Posted : Tuesday Jan 15, 2008 5:53:45 EST

When the two Army Rangers slipped inside the house of suspected assassins in the dark on Christmas morning in Mosul, they expected a fight. They got one.

Two gunmen, using an 11-year-old boy as a shield, confronted the soldiers. One, a Ranger staff sergeant, shot them dead with his rifle. The boy was unharmed, according to an Army document that outlined the assault.

That clash — recounted to USA TODAY by four of the Rangers involved and confirmed by the military command in Baghdad — kicked off what U.S. military officials say was a 17-hour firefight that resulted in the deaths of 10 al-Qaida in Iraq insurgents, including the head of an assassination cell, a financier and a military leader. At least one fighter was from Saudi Arabia, according to the military account of the raid. Intelligence gleaned from the fight led to 10 follow-up operations, the Rangers’ commander said.

The Dec. 25 raid occurred in what military officials say has become the most dangerous part of Iraq — Mosul and surrounding areas, about 200 miles north of Baghdad. The assault was a preview of a U.S.-led campaign to root out insurgents in Mosul and Diyala province who have targeted those who cooperate with Americans. It was part of a broader operation that led to the combat deaths of nine U.S. soldiers last week in Diyala.

Taken together, the episodes show that beyond the threat posed by insurgents’ roadside bombs, U.S. troops still face tough fighting in Iraq.

“The operation in Mosul is part of a plan to pursue al-Qaida in Iraq tenaciously,” Gen.

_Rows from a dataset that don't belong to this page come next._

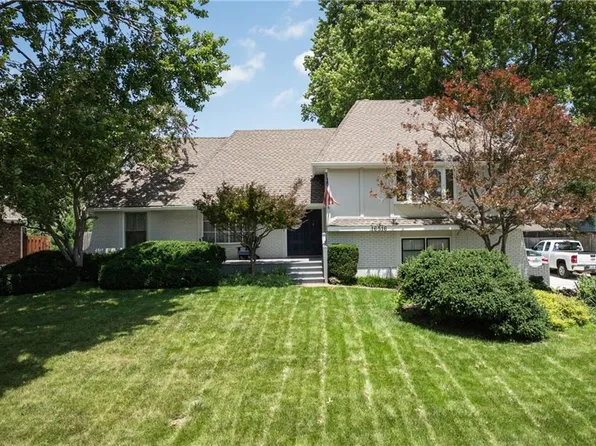 16516 E George Franklyn Dr, Independence, MO 64055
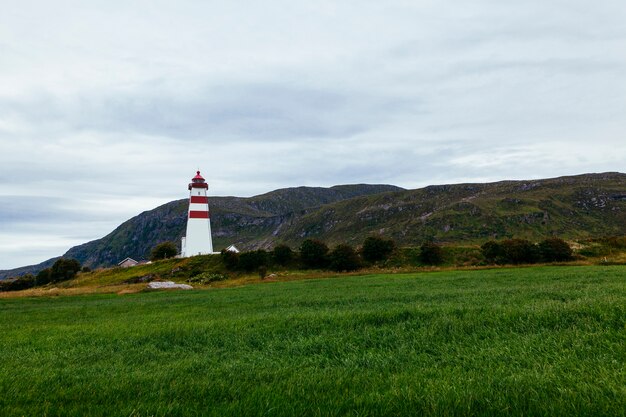 Faro de Alnes cerca de Alesund; Noruega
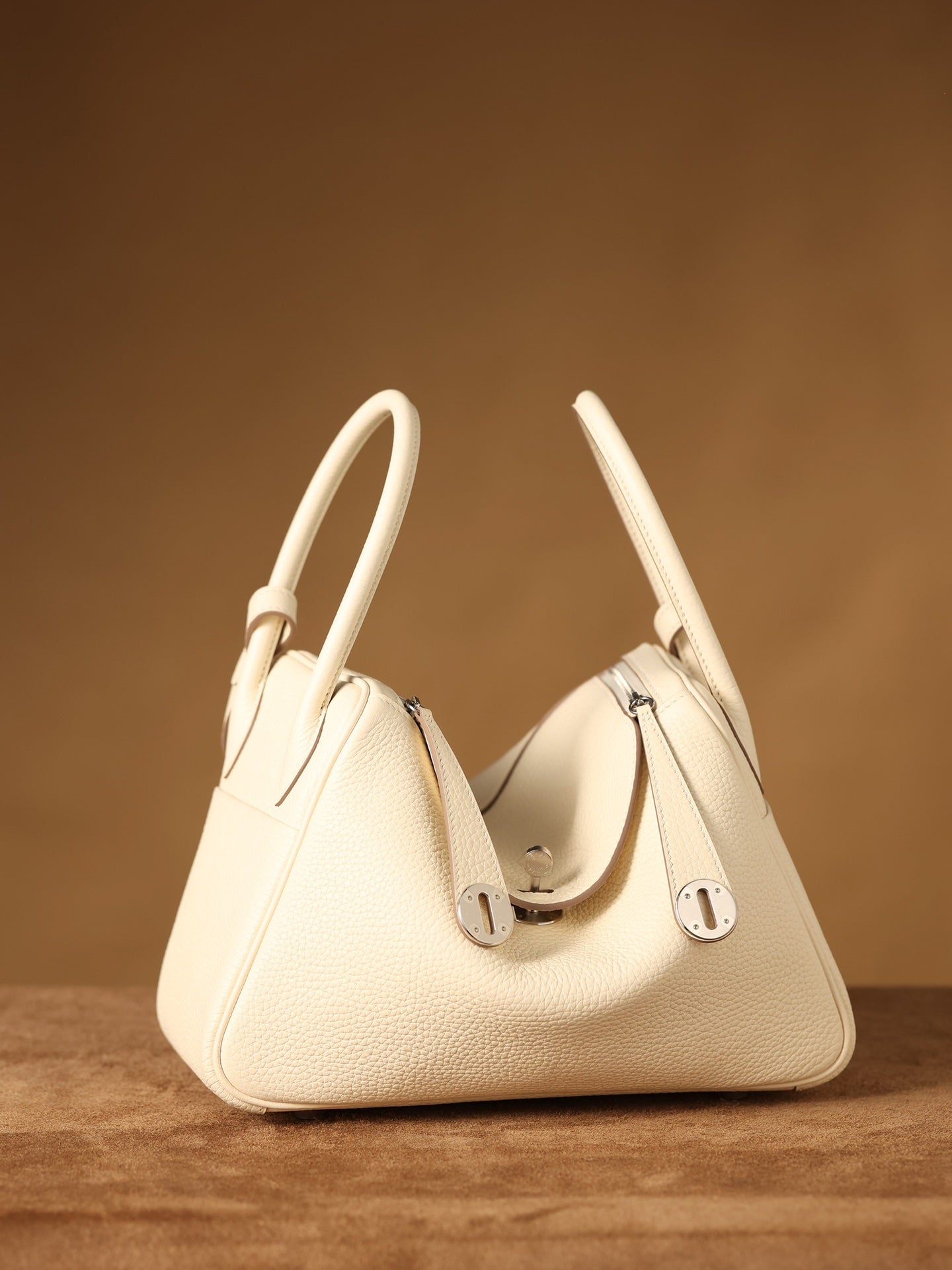 Hermès Lindy 26 Shoulder bag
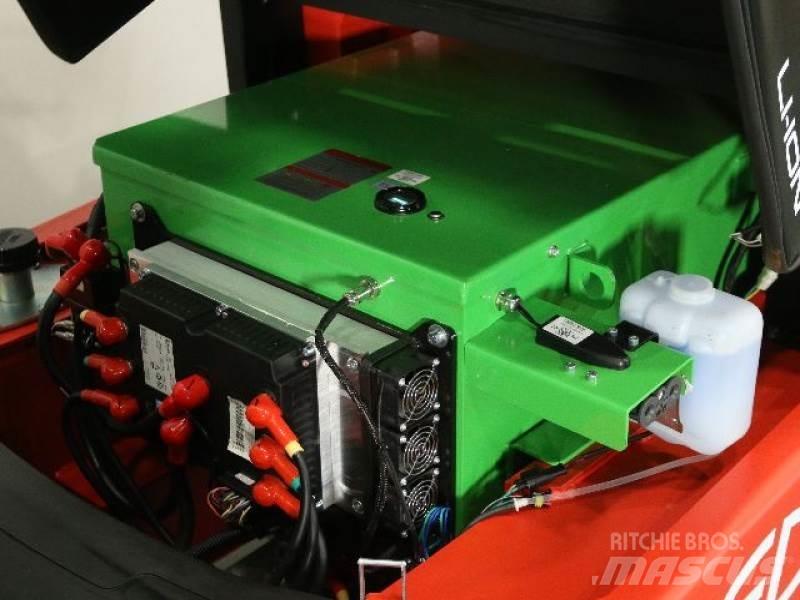 EP EFL302 HC 410 RENTAL バッテリーフォークリフト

David Petraeus, the U.S. commander of U.S. forces in Iraq, said in a statement. “Though we have dealt serious blows to al-Qaida this past year, its elements remain lethal and we must keep the pressure on them.”

As the counterinsurgency strategy and the addition of 30,000 troops into the Baghdad area last year has helped to quiet much of the capital, insurgents have moved to the north and east, where fighting, as the Dec. 25 raid showed, can be fierce. More than half of all attacks in Iraq now occur in the north, according to the U.S. military command in Baghdad.

In December, there were about 600 attacks on coalition troops each week. In northern Iraq, there are about 210 attacks a week. That’s down about 40 percent compared with this time last year, but attacks in the north have declined at a lower rate than for Iraq as a whole. Nationwide, attacks are down 60 percent.

Last Tuesday, the military announced a major offensive, called Operation Phantom Phoenix, against al-Qaida in Iraq in the Mosul area. About 24,000 U.S. troops and more than 130,000 Iraqi security forces are taking part.

“Mosul is a key strategic crossroads for the al-Qaida both from a financing point of view and foreign-fighter facilitation networks,” said Navy Rear Adm. Greg Smith, spokesman for the command in Baghdad, who confirmed the Rangers’ account of the Dec. 25 fight in Mosul. “It’s the one area in the north that al-Qaida really wants to hang onto, as well as Diyala.”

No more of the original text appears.